As one can imagine, the opposition political parties did not hold back either. Labour have demanded that Jenrick release the correspondence showing his contacts with Richard Desmond and have demanded the Conservatives hand back a £12,000 donation from Desmond, received two weeks after Jenrick overruled Tower Hamlet’s decision and the Planning Inspector’s decision to refuse to approve the scheme. In addition, Labour peer Lord Adonis, former chair of the National Infrastructure Commission, claims that Jenrick has broken propriety rules on the handling of planning casework by ministers. The Guidance on Planning Propriety Issues document, published by the former Department for Communities and Local Government in 2010, states that planning ministers should take “no part” in decisions in which they have an actual or perceived “private” interest. Separately, the Liberal Democrats have written to Sir Mark Sedwill, the Cabinet Secretary, to seek to have a formal inquiry into whether Jenrick potentially breached the ministerial code. 

So what does all this mean? 

Legally, the High Court consent order to quash Jenrick’s decision means that there will be a redetermination of the appeal proposal. Even if the appeal is allowed second time around, the higher CIL figure will be payable. 

Some have now argued for a complete overhaul of the planning system and others are saying that we should reduce the politics in decision-making by removing the ability for the Secretary of State to recover appeals. I do not agree with such a view. 
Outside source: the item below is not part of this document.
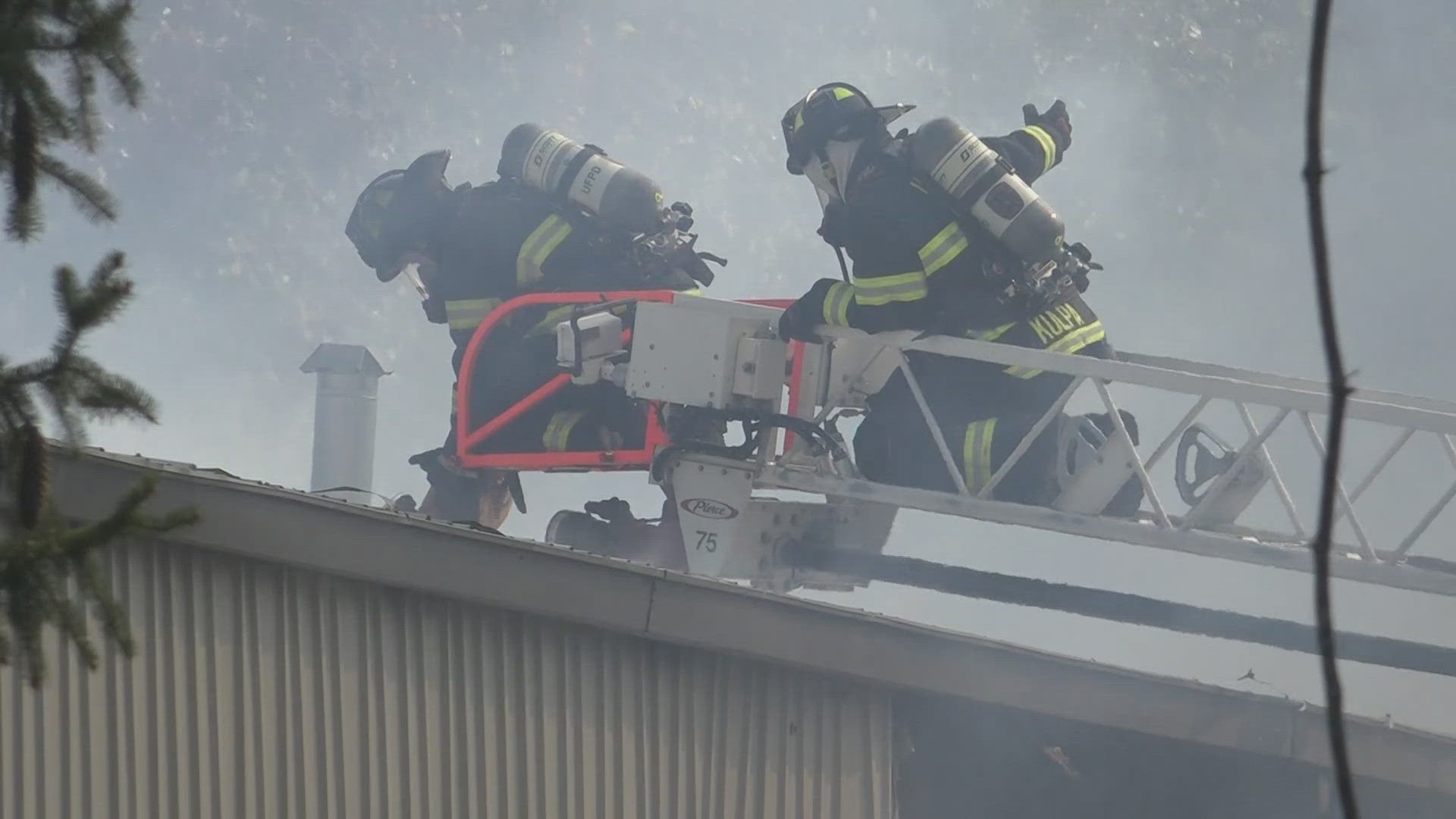 Firefighters will be battling a fire for days after it started burning at a Blues Hog BBQ Sauce storage facility in New Haven, officials told 5 On Your Side Thursday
Yes, something went terribly wrong in the Westferry Printworks case, but we do not need a planning system overhaul or to remove political decisions. We have a legal remedy when things go wrong. We also have guidance on propriety in planning, in place for local and central government politicians. And, realistically, we will never be able to have local or central government politicians making planning decisions and trying to remove all the politics. After all, they provide the democratic legitimacy as we elected them. Yes, local or central government politicians will not always act impartially when it comes to their political beliefs, but they are required to act lawfully, and the existing principles of judicial review are adequate to ensure this. 

I also share the view of the judges in the famous Alconbury case R (Alconbury Ltd) v Environment Secretary [2003] 2 AC 295, that looked into whether it was unlawful for the Secretary of State to act both as policy maker and decision taker in relation to the applications which came before him. 

Lord Hoffman and then Lord Slynn said as follows: 

In a democratic country, decisions as to what the general interests requires, are made by democratically elected bodies or persons accountable to them’…. [replacing the Secretary of State with] ‘an independent and impartial body with no central electoral accountability would not only be a recipe for chaos: it would be profoundly undemocratic.’ 

Politics and democracy are imperfect but they are better than the alternatives. 

In the end, like any relationship, it is about trust. Trust that processes and decisions will be fair, accurate, transparent, and lawful. And trust that if things go wrong, the remedy is there to put things right.